Dans une interview à Libération, la ministre chargée de l'Egalité femmes-hommes Aurore Bergé assure qu'"on ne peut se contenter de communiquer sans tenir compte du fait que cela va engendrer plus de demandes pour recueillir des preuves, déposer plainte, et c’est tant mieux".
"Il va falloir déployer les moyens adaptés comme on le fait depuis 2017. Notre enjeu est qu’il n’y ait aucune perte de chance, territoriale ou sociale", a-t-elle indiqué, sans donner de chiffres.
La présentation de ce rapport survient cinq mois après le verdict dans le procès des viols de Mazan à l'issue duquel Dominique Pelicot a été condamné pour avoir drogué et livré sa femme à des dizaines d'inconnus qui l'ont violée.
Ce procès, à l'immense retentissement médiatique, a permis de lever le voile sur un phénomène jusque-là méconnu ou alors cantonné dans l'imaginaire collectif aux sphères festives après un vaste mouvement européen, #balancetonbar.
Une autre affaire de soumission chimique est elle pendante, celle concernant le sénateur Joël Guerriau, soupçonné d'avoir en novembre 2023 drogué Sandrine Josso afin de commettre une agression sexuelle.
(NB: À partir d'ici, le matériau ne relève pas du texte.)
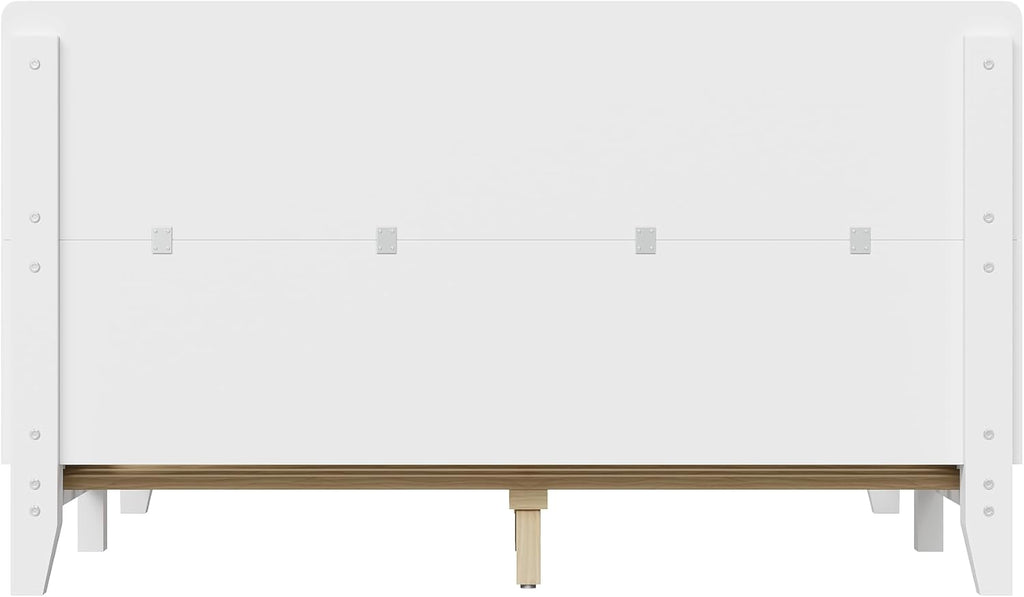 Merax Queen Size Solid Wood Platform Bed Frame, Modern Comfortable with Headboard, Slat Support, No Box Spring Needed, White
Début avril, le parquet de Paris a requis un procès contre l'élu.
Selon les estimations officielles, 1.229 soumissions et vulnérabilités chimiques vraisemblables ont été analysées en 2022 par le centre de référence des agressions facilités par les substances (CRAFS).
En 2023, "127 personnes ont été mises en cause au titre de la seule soumission chimique : parmi les 65 procédures poursuivables, 62 l’ont été effectivement, donnant lieu à des peines de réclusion ferme d’une durée moyenne de 8,9 années", selon le rapport qui insiste sur le fait que ces chiffres ne représentent qu'une "estimation infinitésimale des situations".